10nm versus 7nm - jsnell
http://semiengineering.com/10nm-versus-7nm/
======
dmarcos
I've been following the semiconductor news in the last year closer than ever
before. It really feels that the 7nm node will be the end of Moore's law. As a
software engineer it intrigues me the constrains is going to impose to our
craft in the next decade. We've been riding the performance exponential growth
that allowed us to be sloppy programmers and still produce increasingly
complex software. I work on the VR space and the conventional wisdom is that
headsets and GPUs are going to get drastically smaller and powerful every
year. I think this is not a given anymore and as a software practitioners we
will have to step up the game and be much more careful about using resources.

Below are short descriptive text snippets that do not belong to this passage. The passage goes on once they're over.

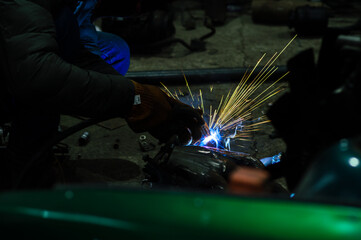  welder performs welding works of metal structures for custom cars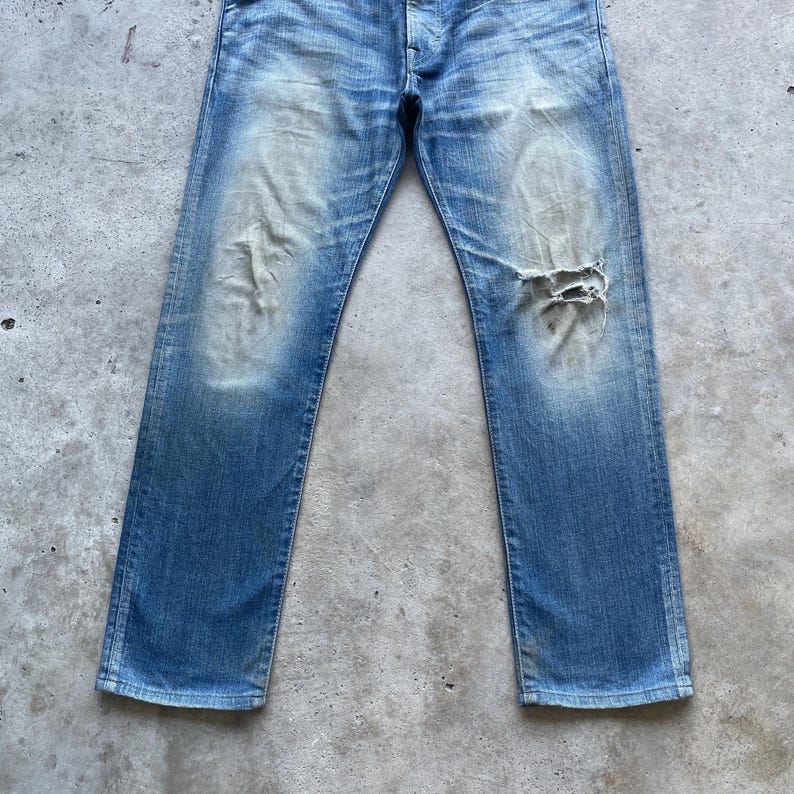 Puede incluir: Vaqueros de mezclilla azul descolorido con un aspecto desgastado. Los vaqueros tienen un aspecto usado con un gran desgarro en la rodilla derecha. La mezclilla tiene variaciones de azul claro y oscuro, creando una est&eacute;tica vintage.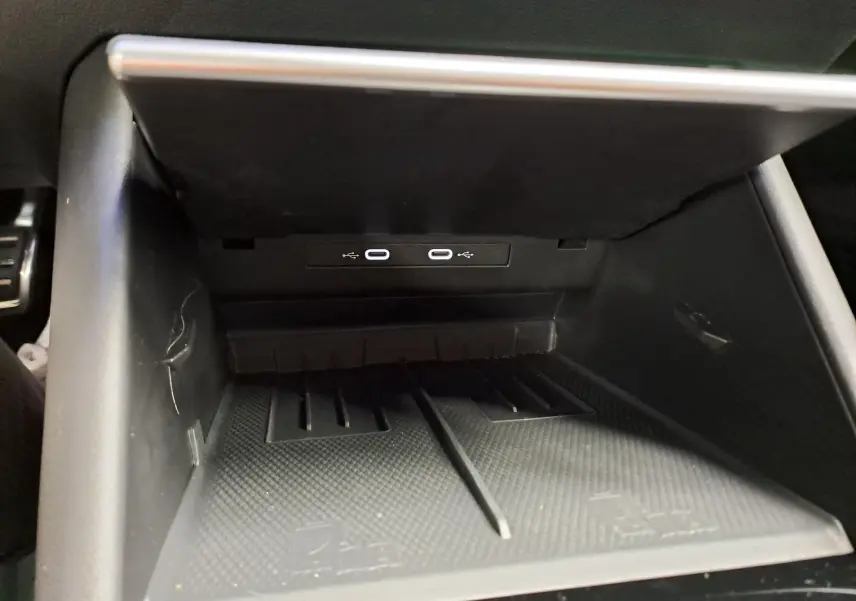 Gros plan sur la console centrale du Volkswagen Tiguan 2025, montrant deux ports USB-C intégrés dans un espace de rangement noir.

How is the end of Moore's low going to affect the cost of Software
Development? The top software companies will be those that best use the
hardware. Performance optimizations usually makes software more complex and
increases the rigor you operate in. Many people have been able to got from 0
to make relevant contributions after learning programming in a few months or
going through a coding bootcamp. That might get harder and harder since you
will need deeper knowledge to produce competitive software. Is this going to
increase the barrier of entry for developers? Is the developer pool going to
shrink? Salaries go up? Is it going to be more a and more expensive to produce
competitive software? Will it make software startups more capital intensive,
since gluing 4 pieces of existing code around a good idea won't be enough to
be successful?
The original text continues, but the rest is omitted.